Não era o meu corpo que desejava o corpo das jovens raparigas. Era o espírito que aspirava à sua companhia. Dizia-se K., enquanto o tédio e a noite cresciam. Chegaria a entender um dia com clareza o seu destino? Não sabia. Deitar-me e que me acariciem o cabelo, que percorram o meu corpo com mãos preocupadas. E talvez o desejo acabasse por surgir e ele se levantasse na cama sobre o cotovelo, começasse a falar. Teria sido tocado. Mas não, não era o desejo, não era a carne que atormentava a sua solidão. K. queria apenas encontrar-se com alguém, uma pessoa. Com quem pudesse trocar olhares e palavras, alguns gestos, e seriam cúmplices na miséria do abandono. Depois venceriam o tempo e da escassez nasceriam os frutos abundantes e vermelhos de sumo denso.

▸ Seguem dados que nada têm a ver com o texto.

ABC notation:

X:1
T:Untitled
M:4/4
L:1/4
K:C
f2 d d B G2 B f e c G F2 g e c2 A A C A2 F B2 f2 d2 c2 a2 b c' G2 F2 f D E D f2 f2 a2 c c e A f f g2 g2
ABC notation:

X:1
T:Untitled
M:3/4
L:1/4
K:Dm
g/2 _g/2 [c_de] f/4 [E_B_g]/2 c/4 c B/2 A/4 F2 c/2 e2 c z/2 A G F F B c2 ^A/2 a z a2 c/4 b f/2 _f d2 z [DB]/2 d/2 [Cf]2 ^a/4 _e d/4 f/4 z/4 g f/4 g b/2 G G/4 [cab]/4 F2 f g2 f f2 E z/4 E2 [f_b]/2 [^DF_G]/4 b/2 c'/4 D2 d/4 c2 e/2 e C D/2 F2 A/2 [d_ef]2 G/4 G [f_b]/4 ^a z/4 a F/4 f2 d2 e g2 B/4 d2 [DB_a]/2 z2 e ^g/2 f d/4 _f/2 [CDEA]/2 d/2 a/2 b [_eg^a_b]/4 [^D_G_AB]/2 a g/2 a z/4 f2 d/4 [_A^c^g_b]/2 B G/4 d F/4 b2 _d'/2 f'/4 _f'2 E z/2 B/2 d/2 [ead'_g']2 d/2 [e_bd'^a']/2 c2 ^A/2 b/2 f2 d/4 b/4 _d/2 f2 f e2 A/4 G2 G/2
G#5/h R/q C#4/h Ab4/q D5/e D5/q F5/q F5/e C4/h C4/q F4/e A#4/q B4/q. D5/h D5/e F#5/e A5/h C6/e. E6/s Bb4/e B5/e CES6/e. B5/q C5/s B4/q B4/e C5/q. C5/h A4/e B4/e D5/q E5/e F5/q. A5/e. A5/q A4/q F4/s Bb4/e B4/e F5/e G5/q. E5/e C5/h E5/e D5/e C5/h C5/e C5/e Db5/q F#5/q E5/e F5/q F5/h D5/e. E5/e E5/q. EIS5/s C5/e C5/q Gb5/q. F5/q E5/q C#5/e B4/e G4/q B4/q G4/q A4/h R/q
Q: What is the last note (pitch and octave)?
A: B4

Em nós transportamos, no deserto do espírito, a semente escondida de todos os amores e de todos os ódios. No obscuro terreno do corpo vivem, como que adormecidos, os embriões das árvores de que se fará a floresta impenetrável. Mas os olhos das raparigas, repetia K. como se se lamentasse, mas os olhos das raparigas, que futuros cheios de plenitude escondem na sua profundidade?